Harvesting Implied Volatility On An AI Stock

Harvesting IV, in the Wild: Credo Technology Group (CRDO)
We put this one on last month when Credo Technology Group (CRDO -0.70%↓) appeared on our Top Names list. If you’re new here, Credo builds high-speed connectivity for data centers—SerDes chips and Active Electrical Cables (AECs) that move 100G/400G/800G traffic inside AI-era networks. It’s a straightforward way to play the AI infrastructure build-out.
Earnings: Yesterday, CRDO beat on both the top and bottom line and guided well; shares ripped after hours (trading >$140). That’s exactly the backdrop our “harvest IV” playbook is designed for.
The setup
We opened a financed call spread in CRDO with:
A Jan ’26 call spread (long $135 / short $155), and
A Sep ’25 bull put spread (short $110 / long $105) to offset call cost.
Our entry filled at a net debit of $2.97 per spread.
Why this exemplifies “harvesting IV”
When we opened the trade, implied volatility (IV) in the near-dated puts was rich. Selling that put spread helped finance the call spread. Now, after the earnings surge, the intrinsic + IV crush lets us buy back that short put spread cheaply.

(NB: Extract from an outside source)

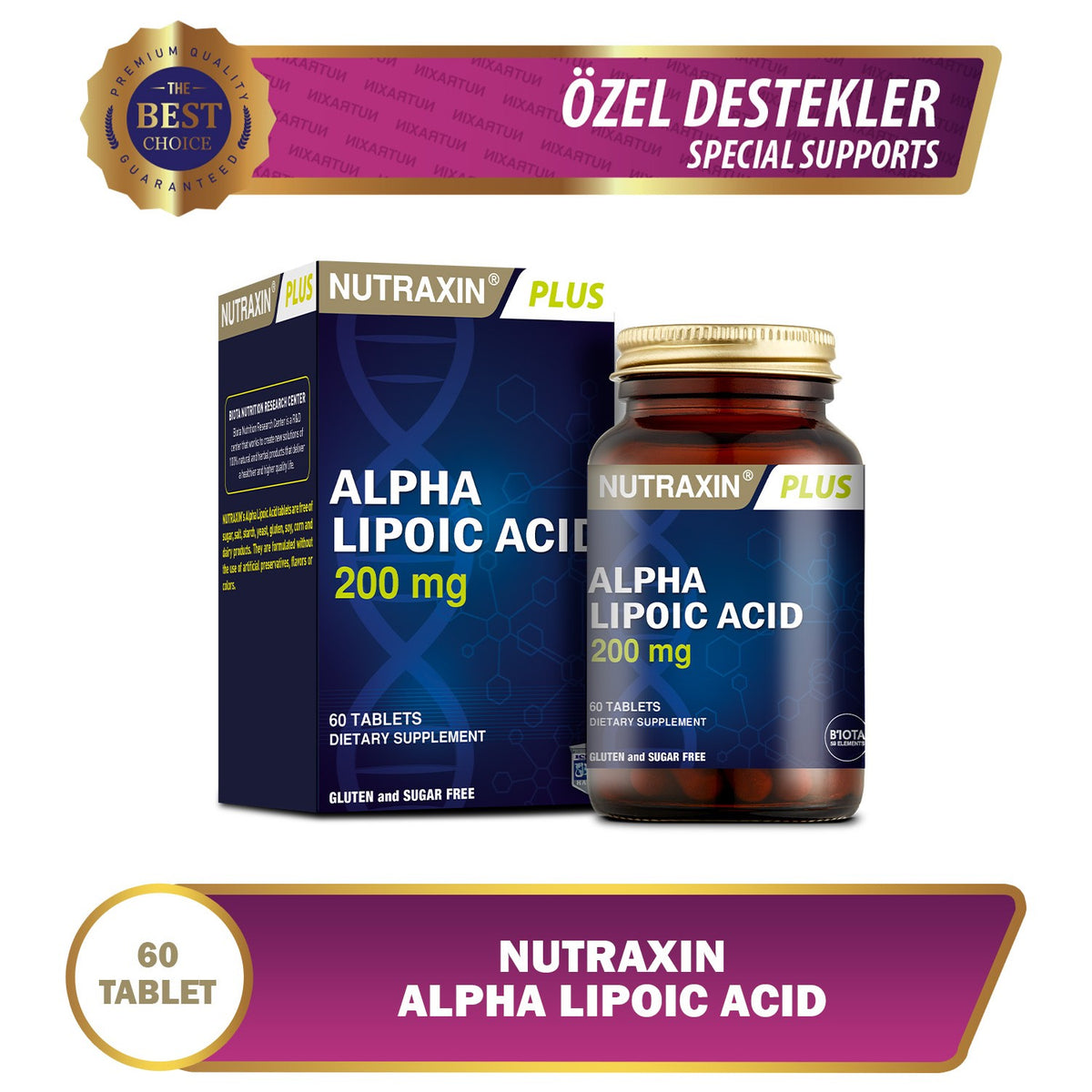 Nutraxin Alpha Lipoic Acid 200 Mg 60 Tablet - MALLTURK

We have a GTC buy-to-close at $0.20 on the Sep put spread. If it fills this month (as we expect after last night), here’s how the risk/reward shifts:
Before buying back the put spread
Max upside (if CRDO ≥ $155 by Jan ’26):
Width of call spread ($20) − entry debit ($2.97) = $17.03 ⇒ $1,703 per contract.Max loss (tail risk while the Sep puts are alive):
Entry debit ($2.97) + max loss of $110/$105 put spread ($5) = $7.97 ⇒ $797 per contract (broker rounded ~$810).
After we buy back the put spread at $0.20
Your remaining position is just the Jan ’26 $135/$155 call spread with an effective basis of
$2.97 (original net) + $0.20 (buyback) = $3.17.New max upside: $20 − $3.17 = $16.83 ⇒ $1,683 per contract.
(Down just $20 from before—because we spent $0.20 to close the hedge.)New max loss: now only the call-spread basis $3.17 ⇒ $317 per contract.
(That’s the “harvest”: we’ve stripped out ~$480 of downside exposure while keeping almost all of the upside.)
In plain English: We sold near-dated put premium when IV was fat, then bought it back for dimes after the catalyst. What’s left is a long-dated upside ticket into the AI networking cycle—with a much smaller capital at risk.